Fondus dans la nature, les corps déploient le champ des émotions, aussi variées que les espèces végétales ; nus et abandonnés au sommeil, ils laissent à la lumière le soin de révéler la beauté de leurs courbes et leur sensualité fragile ; observés de près, les sujets sont conscients d’être capturés, sans en réponse jouer la comédie.
Il arrive même que les visages disparaissent pour laisser place à la suggestion, au mystère, et parfois au morbide. Une photographie troublante représente un cheval qui courbe l’échine tant et si bien qu’il semble décapité, centaure en devenir qui invite à appréhender le monde avec l’instinct et non la raison.

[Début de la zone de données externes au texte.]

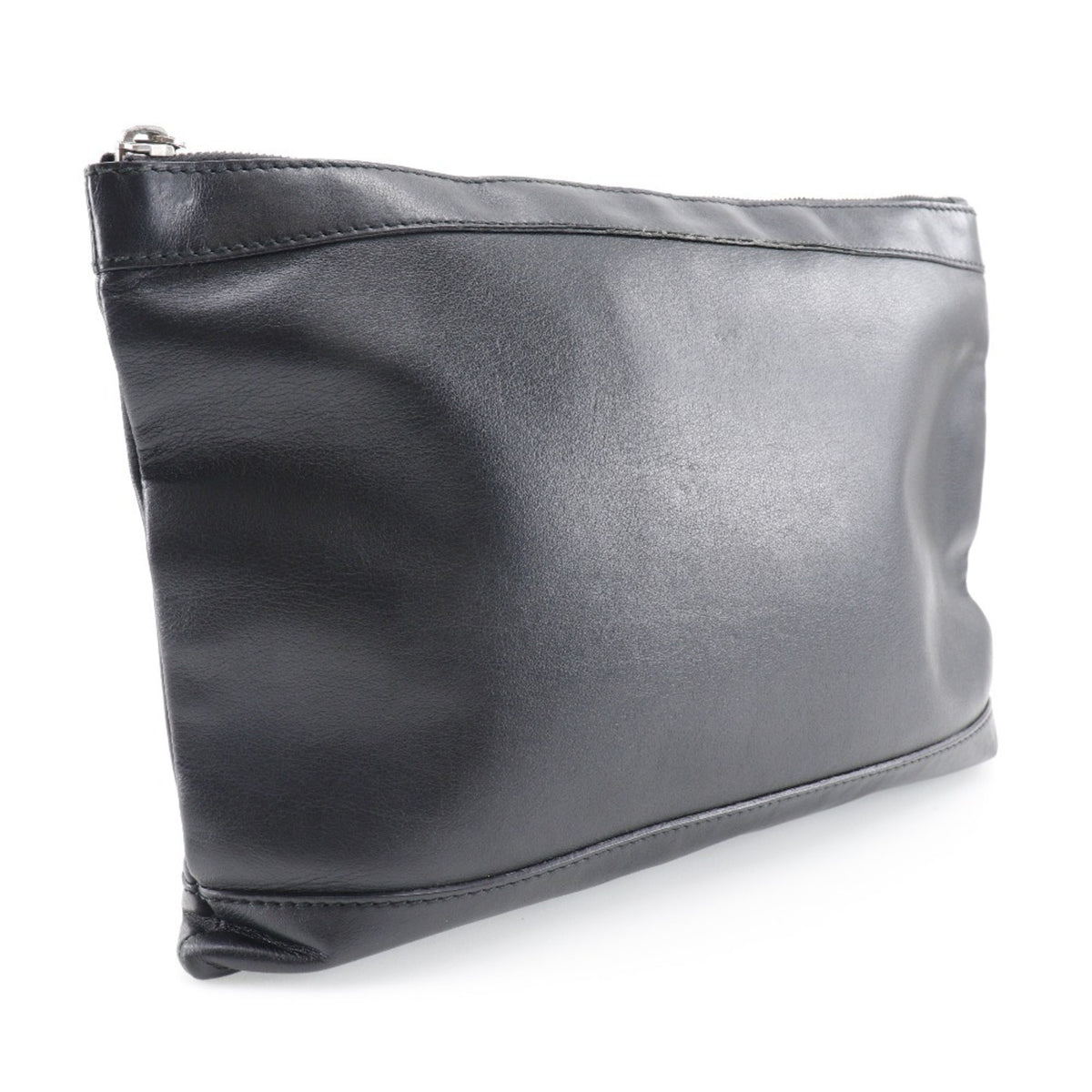 Balenciaga Black Suede Clutch Bag (Pre-Owned)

Plutôt que d’aborder l’œuvre d’Arnaud Claass chronologiquement et par série, le commissaire Robert Blake a choisi pour cette exceptionnelle rétrospective d’en faire ressortir les thèmes, les obsessions et les motifs.
Il raconte les histoires transversales qui pour Claass font l’essence de la photographie : « La photographie me permet d’entrevoir des bribes de fragments narratifs qui se déroulent sans cesse », écrit-il. Noir et blanc et couleur se répondent, portraits et natures mortes conversent pour illustrer la variété d’interprétations du réel, s’opposant ou s’enrichissant comme dans les collages qu’il a réalisés.
Il capture des détails, isole des éléments pour en pointer les notes surréalistes, isole ensuite des individus du capharnaüm urbain pour arrêter un instant le désordre humain dans l’ordre du temps. La série s’appelle Patience, comme un clin d’œil à autre poète, Rainer Maria Rilke, qui écrivait : « Un an ne compte pas : dix ans ne sont rien. L’été vient. Mais il ne vient que pour ceux qui savent attendre, aussi tranquilles et ouverts que s’ils avaient l’éternité devant eux. »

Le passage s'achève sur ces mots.